LRGH bankruptcy sale to Concord Hospital on track

But state Medicaid dispute could derail it
Andrew Helman

“It’s exceedingly complex, but it is significant for the state,” said Andrew Helman, the state’s attorney, referring to New Hampshire’s complicated Medicaid reimbursement formula, which requires LRGHealthcare to pay a $5 million Medicaid Enhancement Tax this spring.

LRGHealthcare has managed to either resolve or put off most objections that were standing the way of the bankruptcy court’s approval of the sale of its assets to Concord Hospital, except for one sticky matter: the state’s concern over a complicated Medicaid reimbursement formula for uncompensated care.

LRGH, which operates hospitals in Laconia and Franklin, hopes to resolve the issue by Wednesday to prevent a contentious bankruptcy hearing that might delay the sale of its diminishing assets.

With revenues shrinking by 23% since 2017, LRGH declared Chapter 11 bankruptcy, and things have only gotten worse, according to Interim CFO Stephen Miller, in a statement filed on Friday for the Dec. 21 hearing. Inpatient admissions were down 26% from 2019 and emergency department visits – the main source of admissions – dropped 16.5%. The organization is currently losing about $2.5 million a month, added Miller. At this rate, the hospital will run out of cash by March, Miller projected, though that could change if the pandemic gets even worse or if the amount it receives from the latest stimulus package is substantial.

Concord Hospital, on the other hand, is doing quite well, with $528 million in revenue in 2019 and net assets of $371 million. Concord Hospital offered to buy its troubled neighbor for $30 million, and with that offer in hand, LRGH reached out to some 51 other organizations to see if it could get any to top it at a bankruptcy auction that was scheduled for Dec. 16. Eleven signed non-disclosure agreements and four expressed serious interest, but due LRGH’s large debt and pension liabilities, all backed out and the auction was canceled.

Now the only obstacles to stand in the way of the bankruptcy court’s approval of the sale were a slew of objections – about 25 in all – mostly by creditors, disputing terms of the sale or the amount owed (the “cure”) to unsecured creditors (even though few were likely to get paid much at all). The bankruptcy court put off ruling on “cure” objections until Jan. 20.

The parties also settled disputes between some of the hospital’s local healthcare affiliates, some with entangling financial relationships that, if severed, would put them in jeopardy. But Concord Hospital reassured them it would keep most of those arrangements in place after the sale. Insurers like Humana and Cigna still had some minor issues, but both sides seemed relatively confident that they could be worked out.

The secured creditor – Key Bank, which holds a $111 million note backed by the U.S. Department of Housing and Urban Development – wanted to get paid the proceeds of the sale at closing, but both sides agreed to “punt that to another day” in the words of Christopher Desiderio, a New York attorney representing LRGH. “The parties will continue to debate and hope to have a resolution before closing.”

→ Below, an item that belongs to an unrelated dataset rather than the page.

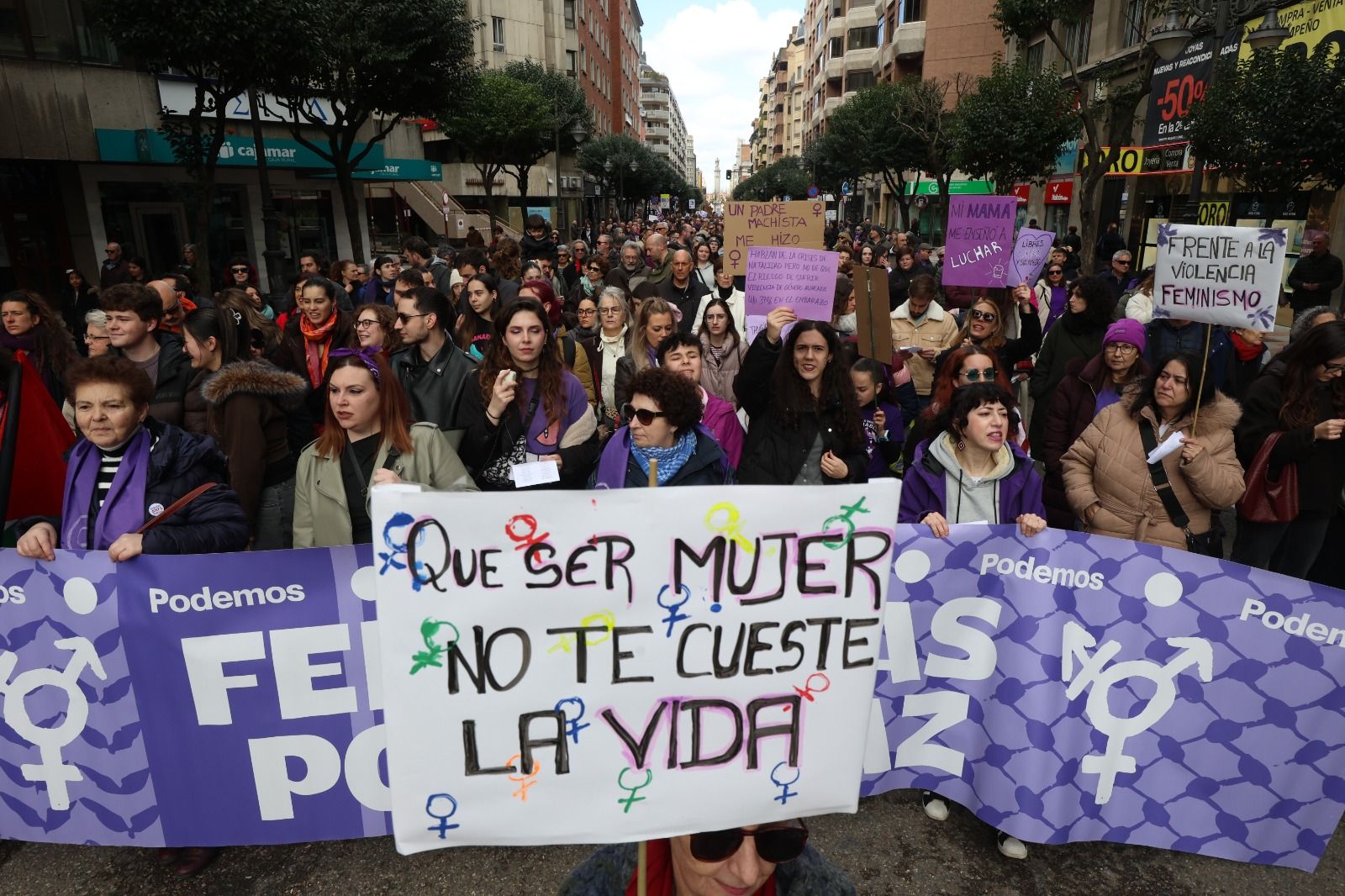 León se tiñe de morado por el 8M. | FERNANDO OTERO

The state’s objection, however, is not that easy to overcome. At issue is a complicated arrangement to pay for uncompensated care forged over years of negotiation between the federal government, the state and the New Hampshire Hospital Association. Once known as the “Medicaid loophole,” it involves hospitals getting disproportionate share hospital (DSH) payments from the state and paying a Medicaid Enhancement Tax (MET) that – as a whole – roughly equal each other, though that varies from hospital to hospital, while the state benefits.

“It’s exceedingly complex,” said Andrew Helman, the state’s attorney. “But it is significant for the state.”

The state estimates that LRGH will owe it about $5 million based on MET accrued, which will be due in the spring. The state also has to pay LRGH DSH, but that is calculated differently and disbursed at a future date. As a result, the state thought it was possible that the LRGH might end up paying MET without getting its equivalent of DSH, or that the federal government would come after it for the money, and was trying to get the federal government to OK any change. Concord Hospital didn’t like the idea that it might be stuck with the bill.

“We want to know we are going to get a DSH,” said Robert Lapowsky, an attorney representing Concord Hospital. “We don’t want to be Charlie Browned,” he added alluding to the football that the cartoon character would try to kick before getting it pulled away.

“Something about that seems wrong,” agreed bankruptcy Judge Michael A. Fagone.

But LRGH argued that it was unlikely to happen, since the hospital historically got more in DSH than it paid in MET, so it shouldn’t owe the state anything. Fagone continued the hearing to Wednesday afternoon.

In the end, the federal bankruptcy judge usually has the final say on prepetition debts when it comes to the bankruptcy sale, but in this case, the state is a power to be reckoned with, since New Hampshire – or more specifically it’s Charitable Trusts Unit – also must agree to the merger of the two nonprofits. The bankruptcy court is hoping to render a decision in January. However, LRGH expects the state won’t weigh in until March at the earliest.